**PROBLEM TO SOLVE:** Set down every line from the one containing "Singapore Gardens by the bay" through the last line of the records below, exactly as written, and leave out the pictures.

**INFORMATION GIVEN:**
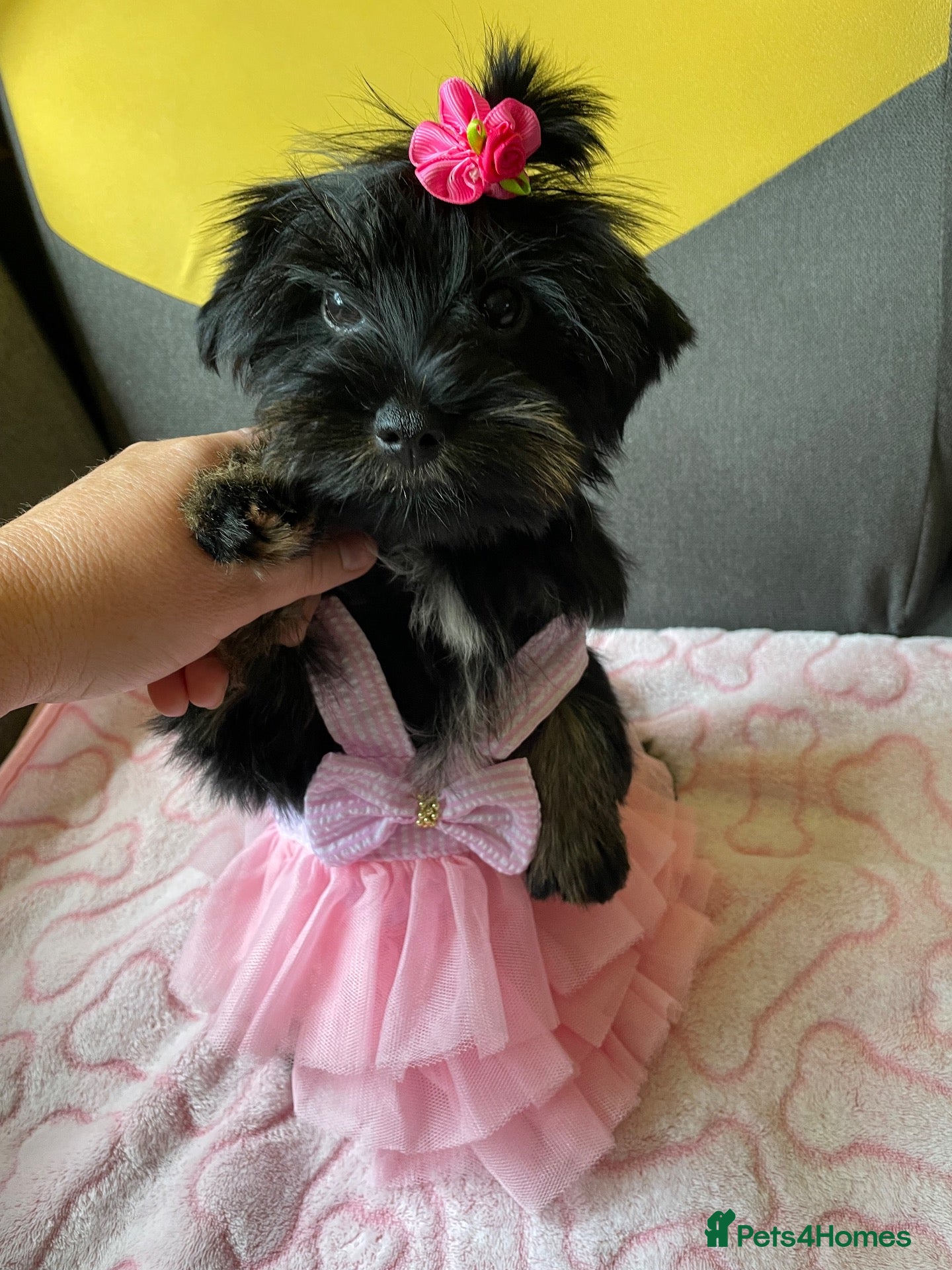 Yorkshire Terrier dogs Gorgeous Yorkshire Terrier Biewer Puppies - Advert 1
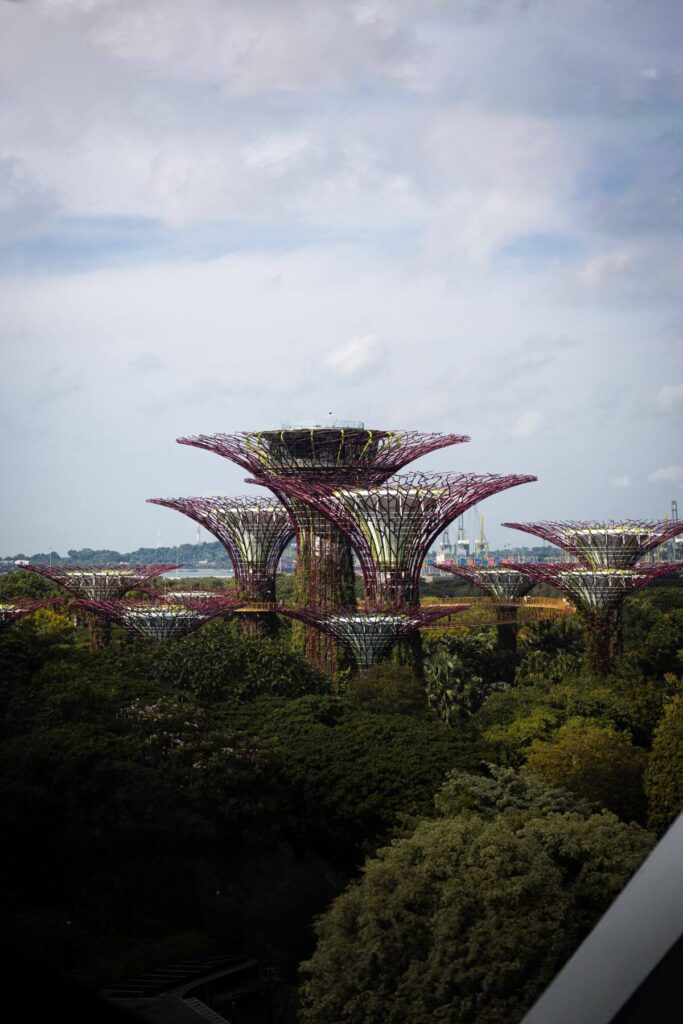 Singapore Gardens by the bay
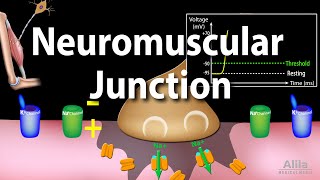 Neuromuscular Junction Animation [upl. by Virginia]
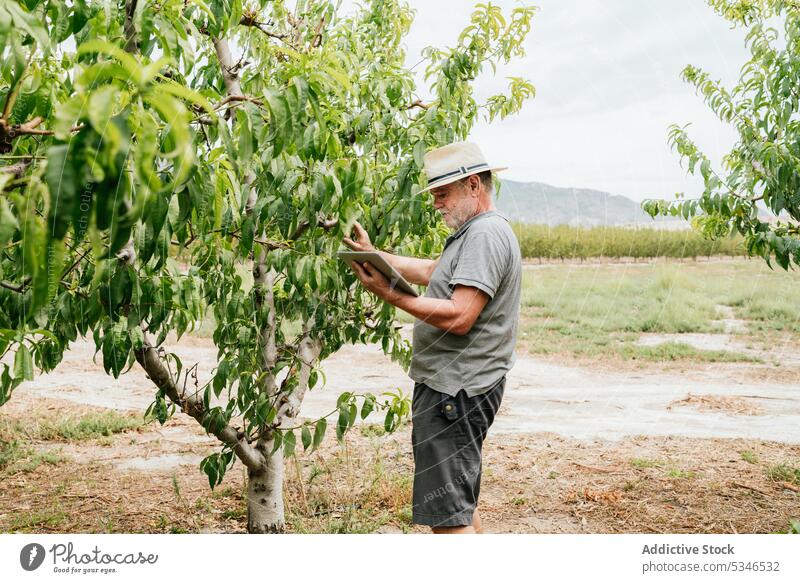 Senior farmer using tablet near fruit trees man check touch branch orchard online male plant work data gadget device aged elderly senior agronomy job organic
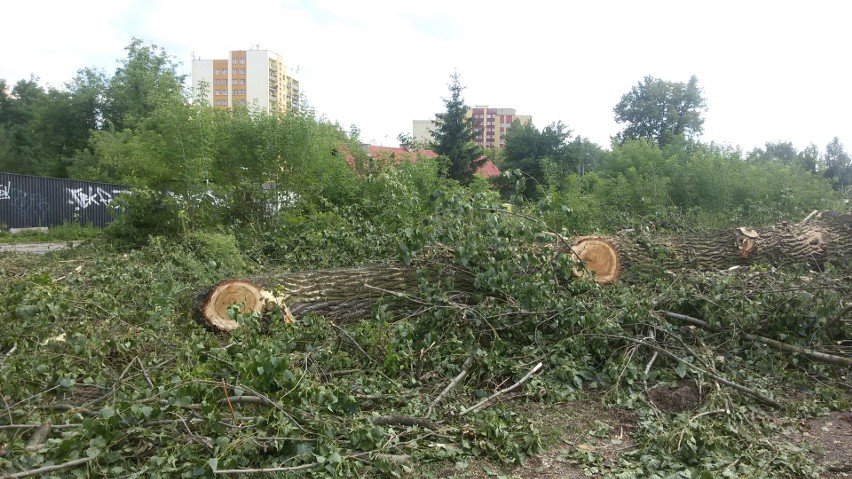 Wycięte drzewa przy dworcu kolejowym w Gołonogu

**RESPONSE TO THE TASK:**
 Singapore Gardens by the bay
 Neuromuscular Junction Animation [upl. by Virginia]
 Senior farmer using tablet near fruit trees man check touch branch orchard online male plant work data gadget device aged elderly senior agronomy job organic
 Wycięte drzewa przy dworcu kolejowym w Gołonogu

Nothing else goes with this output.